Multi-Agent Reinforcement Learning with MOISE+MARL

Update: We are excited to share that MOISE+MARL was accepted at AAMAS 2025 in the Learning and Adaptation track. See you in Detroit!

MOISE+MARL is a MARL framework designed to integrate organizational concepts—such as roles, missions, and goals—into the learning process. By embedding these structures directly into standard MARL algorithms, MOISE+MARL enables more interpretable, efficient coordination among agents, helping them discover and follow well-defined organizational patterns while still adapting to complex or dynamic environments.

This repository provides an implementation of the MOISE+MARL framework, compatible with MARLlib algorithms and PettingZoo environments.

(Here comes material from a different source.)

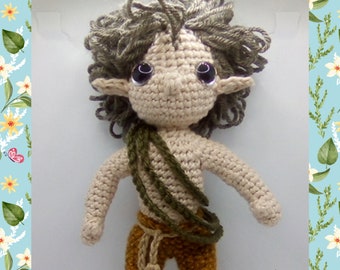 Fabio Faun Digital Amigurumi crochet pattern download puck pan goat boy mythical fantasy goat boy fairy child elf troll elven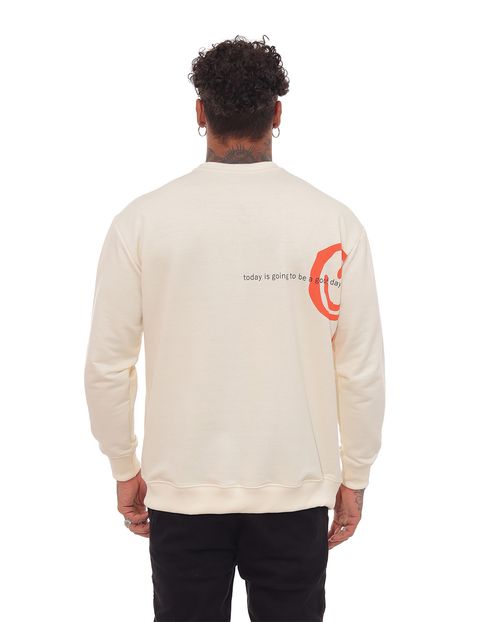 Blusa Moletom Masculina Estampada Smile Consciencia 80055 Off White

A JAX-based version of MOISE+MARL is currently under development to support environments and algorithms from JaxMARL.

Environments 🌍

Environment	Reference	README	Summary
🔴 MPE	Paper	Source	Communication-oriented tasks in a multi-agent particle world
🍲 Overcooked	Paper	Source	Fully-cooperative human–AI coordination tasks based on the Overcooked video game
🎆 Warehouse Management	Novel	Source	Fully-cooperative, partially-observable multiplayer management game
👾 SMAX	Novel	Source	Simplified cooperative StarCraft micromanagement environment
🧮 STORM: Spatial-Temporal Representations of Matrix Games	Paper	Source	Matrix games represented as grid-based scenarios
🧭 JaxNav	Paper	Source	2D geometric navigation for differential drive robots
🪙 3rd CAGE Challenge	Paper	Source	Cyberdefense tasks against malware in a drone swarm scenario

Baseline Algorithms 🦉

We employ CleanRL implementations of MARL algorithms, preserving CleanRL’s single-file philosophy. Our JAX-based algorithms follow the same CleanRL approach, consistent with JaxMARL.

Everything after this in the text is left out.